Work task
Exclude every picture. Output verbatim the lines from the one containing "Toner Original HP CB4-35A" to the end of the data.

___ Data supplied

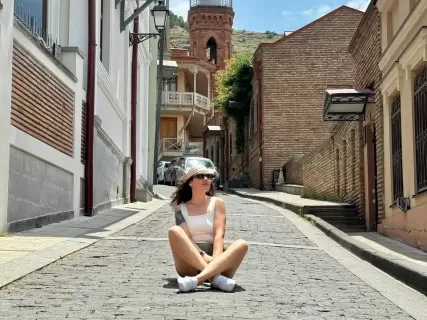 Изобильная Грузия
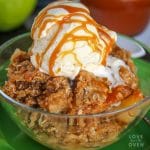 Apple Crisp Recipe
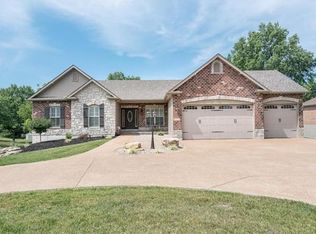 4644 Butler Hill Rd, Saint Louis, MO 63128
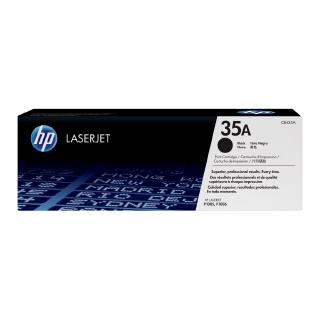 Toner Original HP CB4-35A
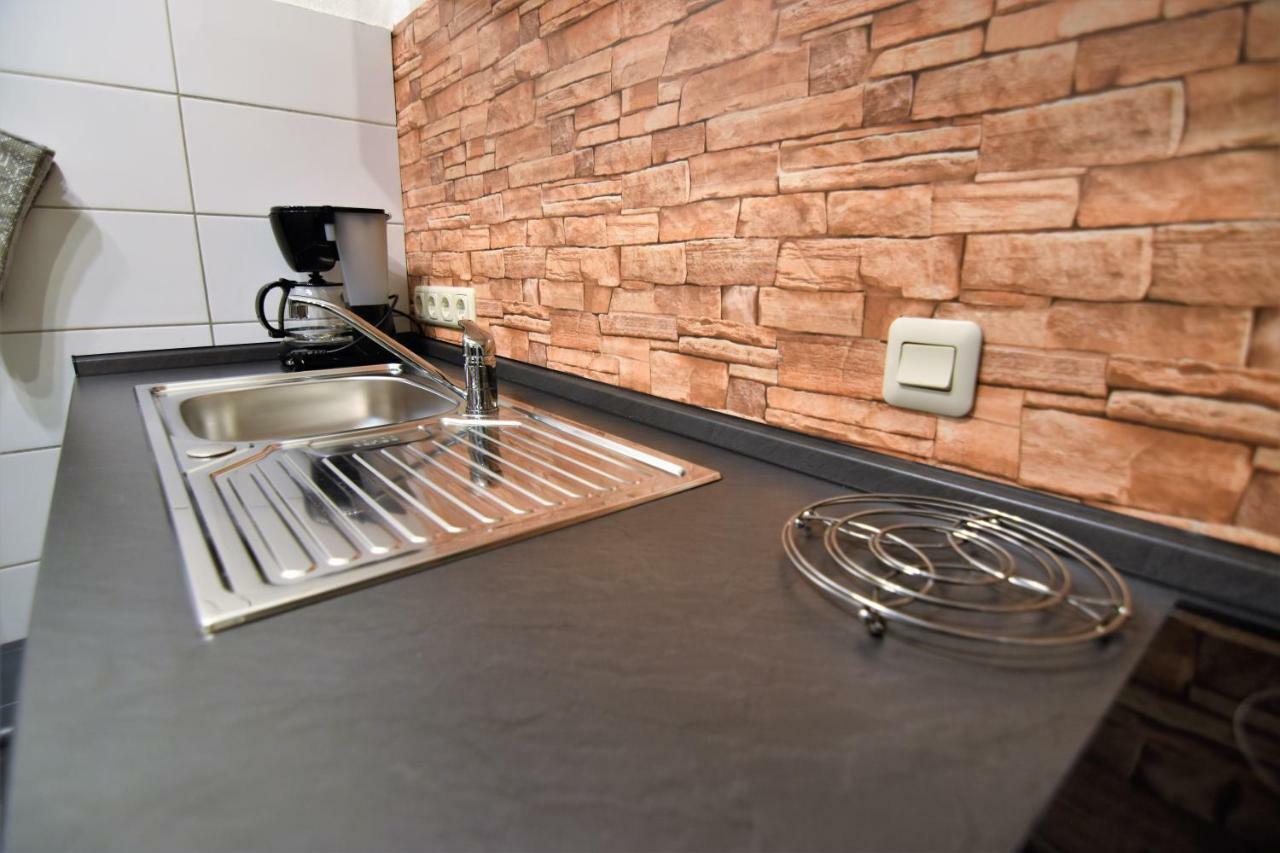 Apartment Koln-Mulheim Εξωτερικό φωτογραφία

______

Your solution
 Toner Original HP CB4-35A
 Apartment Koln-Mulheim Εξωτερικό φωτογραφία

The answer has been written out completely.